In order to improve the current and future situation in Afghanistan in order to fight COVID-19 it is recommended to:

1. Maintain quarantine status in major cities of Afghanistan.

2. Acquire additional medical equipment and instruments for preventing, diagnosing, and treating this disease.

3. Increase personnel of healthcare workers and improve their qualification.

4. Inform people via mass media, including television, radio, Internet, and printed media.

5. Сохранение статуса карантина в крупных городах Афганистана.

6. Create centers for diagnostics and treatment of infectious diseases across the country.

7. Implement social distancing and additional limitations on mobility of population.

8. Intensify revelation and isolation of patients.

9. Provide financial assistance to vulnerable and lower-income groups of population.
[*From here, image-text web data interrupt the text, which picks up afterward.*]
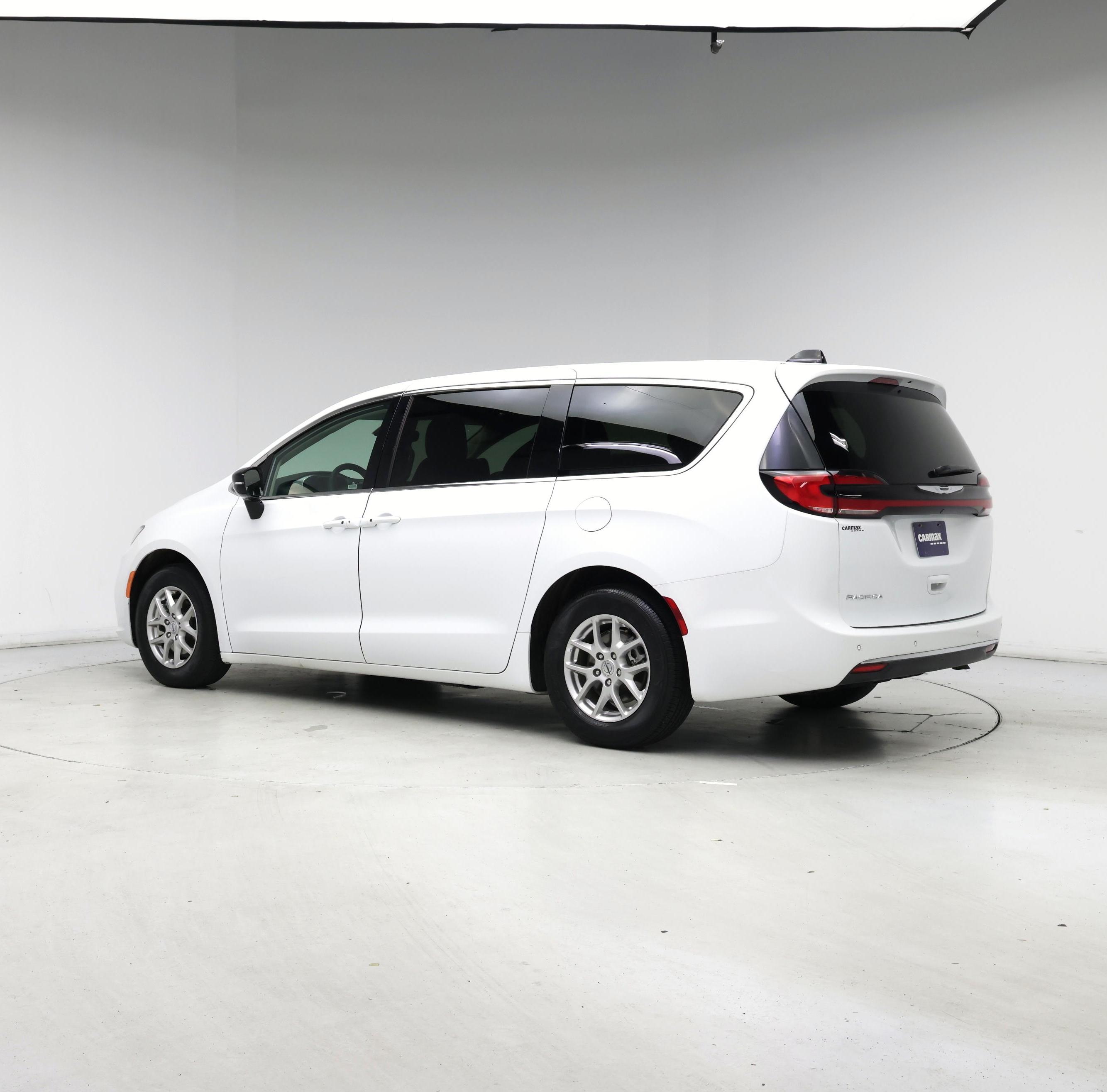 Thumbnail: 2024 Chrysler Pacifica - 2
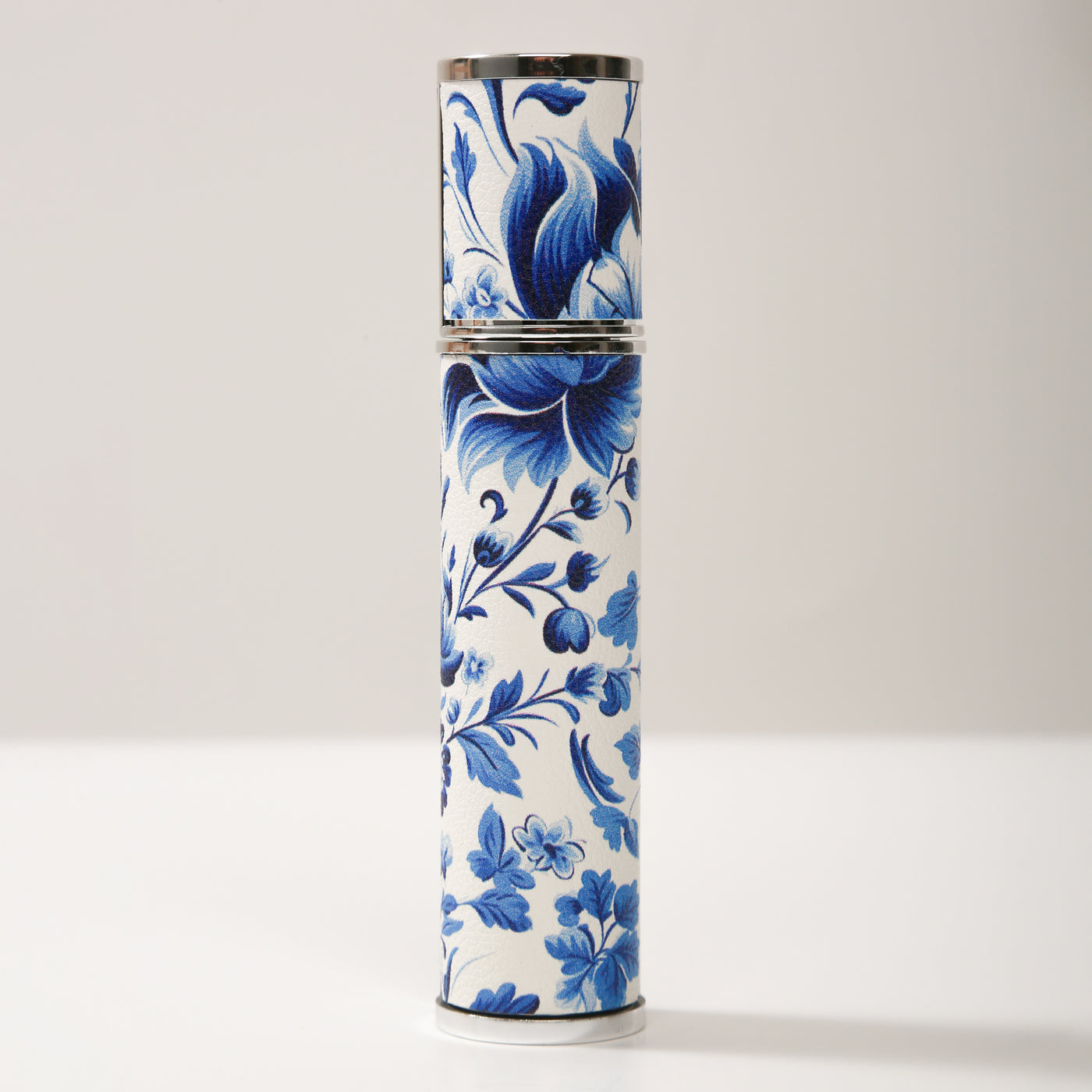 Blue Porcelain Refillable Perfume Atomizer – Elegant Travel Spray Bottle with Leather Texture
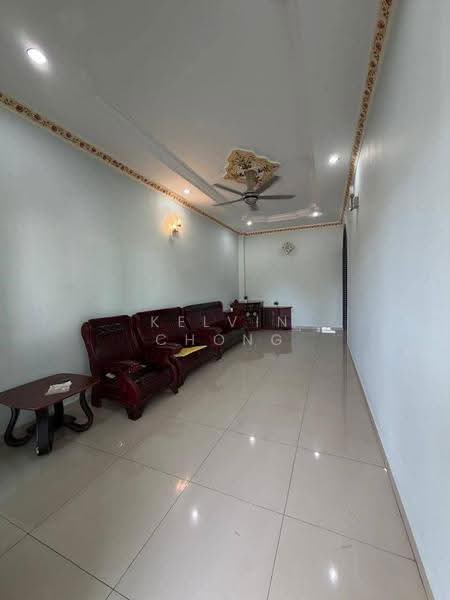 Rumah Teres 1-Tingkat untuk Disewa di Taman Perpaduan Koperasi (Tambun) - Kelvin Chong - Living Room - PropertyGuru.com.my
Regardless of the fact that Afghanistan face numerous difficulties in prevention, diagnostics, and treatment of new coronavirus infection, realization of these measures will allow the country to improve protection of its population from repeating outbreaks of COVID-19.

Conclusion

To conclude this work, we should state that the following information is available. The new viral disease – COVID-19 – passes quickly from an infected person to healthy by air, through direct contact or fluids. Virus of corona does not penetrate human organism through normal skin, but can be absorbed through mucous membranes of nose, mouth, and eyes [46].

Incidence rate is high among older population groups, but disease rate and rate of death decreases among younger social groups. Incidence rate and rate of lethal outcome is higher among men than women. Disease rate is also higher among freelancers, the unemployed, and pensioners. Number of citizens that died to this pathogen is higher among older groups of population than among young people [46].

During the analyzed period a growth in disease rate with COVID-19 and rate of death to this pathogen among population of Afghanistan from March to June. In July and August a decrease in indexes of incidence rate and rate of death from SARS-CoV-2 has been registered, as well as growth in number of patients that recover from this disease, which began in June.

The observed trend towards improvement of the situation gives us hope for exiting the long crisis epidemic situation. Nevertheless, it is early to make forecasts. Currently it is important to continue realization of measures, aimed to protect non-infected population and provide qualified assistance to the infected. Work on improving level of sanitary treatment and hygiene in provinces of the country should be continued, as well as improvement in quality of medical service and protection of medical workers [47]. Neglecting measures of anti-epidemic prevention can nullify the achieved positive results and become a cause of new wave of COVID-19.